*Task brief*: Please make an exact transcription of all the data that follows.

*Dataset content*:
/---
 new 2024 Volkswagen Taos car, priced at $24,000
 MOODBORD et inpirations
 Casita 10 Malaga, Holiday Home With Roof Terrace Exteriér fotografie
\---
*Answer area*:
 new 2024 Volkswagen Taos car, priced at $24,000
 MOODBORD et inpirations
 Casita 10 Malaga, Holiday Home With Roof Terrace Exteriér fotografie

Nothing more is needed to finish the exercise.